Audiência Pública vai debater políticas de proteção em Itacoatiara

Wellington Serrano –

A Câmara de Vereadores de Niterói aprovou ontem a realização de uma Audiência Pública para debater questões referentes à proteção do bairro de Itacoatiara, na Região Oceânica, em função da recente inconstitucionalidade da lei que regia os parâmetros urbanísticos do bairro. A audiência foi proposta por requerimento do vereador Leonardo Giordano (PCdoB) e aprovada por todos os vereadores.

Segundo o vereador, o Tribunal de Justiça do Estado do Rio de Janeiro, em ação proposta pelo Ministério Público, julgou inconstitucional uma lei da Câmara dos Vereadores (Lei 2.810/2011) por considerar que é de competência exclusiva do Executivo legislar sobre ocupação do solo urbano, delimitação de áreas e alteração de gabaritos.

“Essa lei protegia Itacoatiara de construções de espigões e imóveis com mais de dois andares para proteger o meio ambiente e evitar a especulação imobiliária. Essa lei que protegia o local foi considerada inconstitucional baseada no argumento de que não houve um debate na cidade e que não deveria ter origem na Câmara dos Vereadores”, declarou Giordano.

O parlamentar disse que ficou espantado com a nulidade da lei.

“No mínimo é muito esquisito isso. Dizer que a lei é inconstitucional porque o prefeito da época não elaborou a lei através de mensagem não tem sentido. No entanto, a lei passou pela mão do chefe do Executivo, que não vetou, e a Câmara publicou ao cumprir o dever do rito”, complementou.

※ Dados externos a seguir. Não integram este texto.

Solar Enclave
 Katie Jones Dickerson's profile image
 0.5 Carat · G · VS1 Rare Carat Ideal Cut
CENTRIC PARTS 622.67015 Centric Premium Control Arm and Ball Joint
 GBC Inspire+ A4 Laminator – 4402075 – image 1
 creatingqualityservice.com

Leonardo Giordano disse que está preocupado porque agora o bairro de Itacoatiara está sem proteção.

“Nesse momento com a derrubada da lei, pode-se entrar com qualquer projeto para construção no local. Por isso, a pedido dos moradores propus que essa Casa realize uma audiência pública para debatermos uma forma para impedir qualquer descaracterização do local”, realçou.

Segundo ele, o bairro de Niterói é uma área de interesse e merece atenção e proteção. “Não sou daqueles que acha que o bairro é um condomínio fechado e privado. Ali tem um grande patrimônio histórico da cidade e não podemos deixar o espaço se perder. E, por isso, vamos fazer a audiência lá, com a presença dos moradores”, concluiu.